UEMOA : Ce que contient l'étude en cours sur la tarification du marché financier régional


Par Dr ZOGO


Le rapport provisoire datant de mars 2023 portant étude sur la tarification applicable sur le marché financier régional de l'UMOA a été validé à Dakar au Sénégal à l’initiative de l’Autorité des Marchés Financiers (AMF-UMOA). Mais que contient ce rapport ?

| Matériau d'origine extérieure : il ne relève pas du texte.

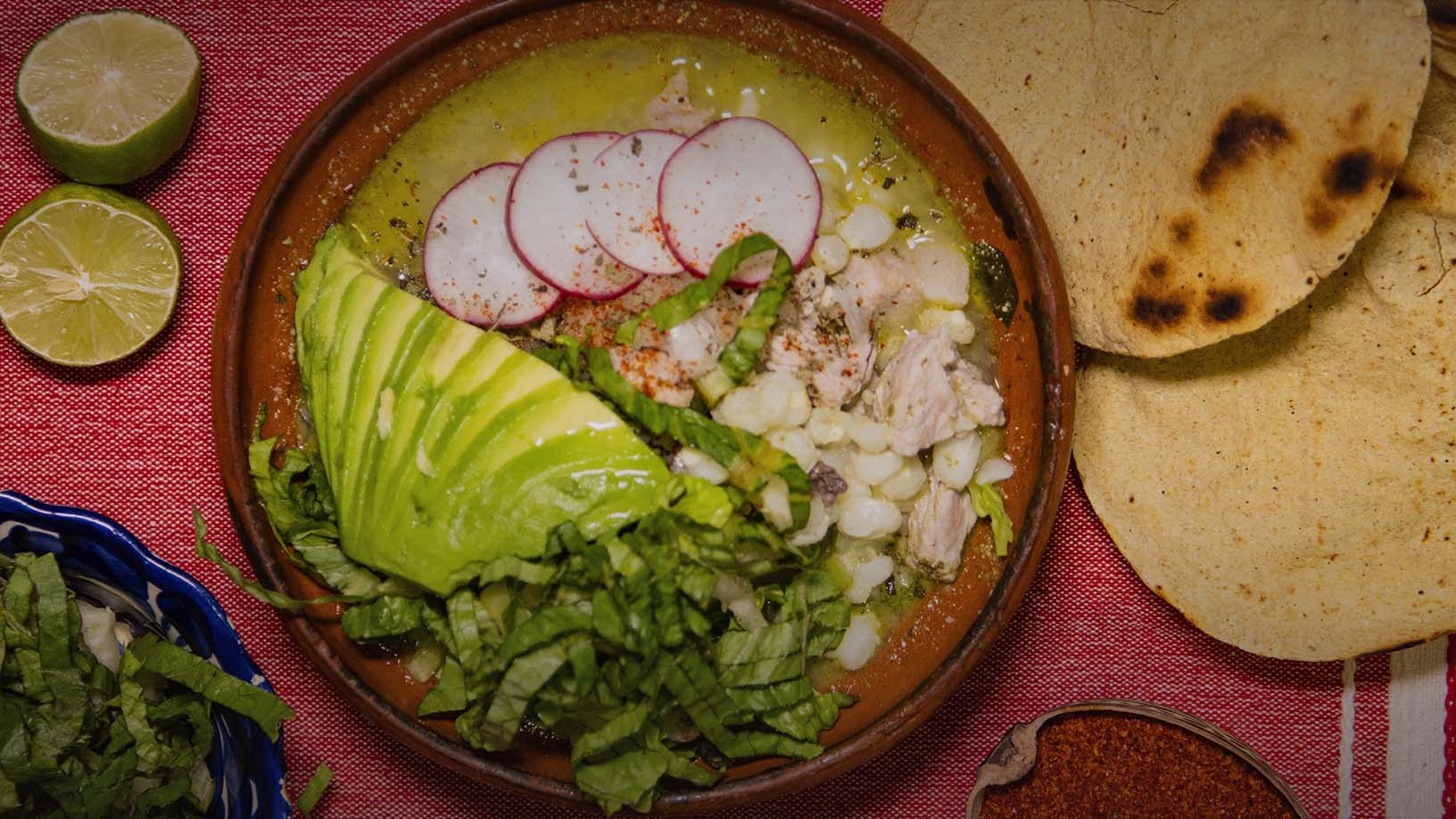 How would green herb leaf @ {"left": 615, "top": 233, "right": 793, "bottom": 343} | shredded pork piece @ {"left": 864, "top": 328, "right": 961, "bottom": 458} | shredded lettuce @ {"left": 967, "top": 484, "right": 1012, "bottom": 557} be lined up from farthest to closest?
1. shredded lettuce @ {"left": 967, "top": 484, "right": 1012, "bottom": 557}
2. shredded pork piece @ {"left": 864, "top": 328, "right": 961, "bottom": 458}
3. green herb leaf @ {"left": 615, "top": 233, "right": 793, "bottom": 343}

À partir d’une l’analyse réalisée dans le diagnostic et le benchmark international, le cabinet de consulting international AFI a proposé une série de recommandations regroupées en 6 grandes thématiques, et dont l’objectif est de promouvoir le développement des marchés financiers de la région UMOA et de contribuer à la réduction des coûts de transaction.

LE DIAGNOSTIC

Tout part d’un diagnostic des autres marchés financiers, notamment sur le plan de l’organisation, des principaux acteurs, et de la dimension et de l’évolution récente des marchés primaires et secondaires obligataires et d’actions.

Pour le cas de l’UMOA, les experts s’arrêtent sur les tarifs appliqués par les infrastructures et les intermédiaires, tant du point de vue de l’émetteur que de l’investisseur et analyse la structure des revenus et des coûts de ces institutions.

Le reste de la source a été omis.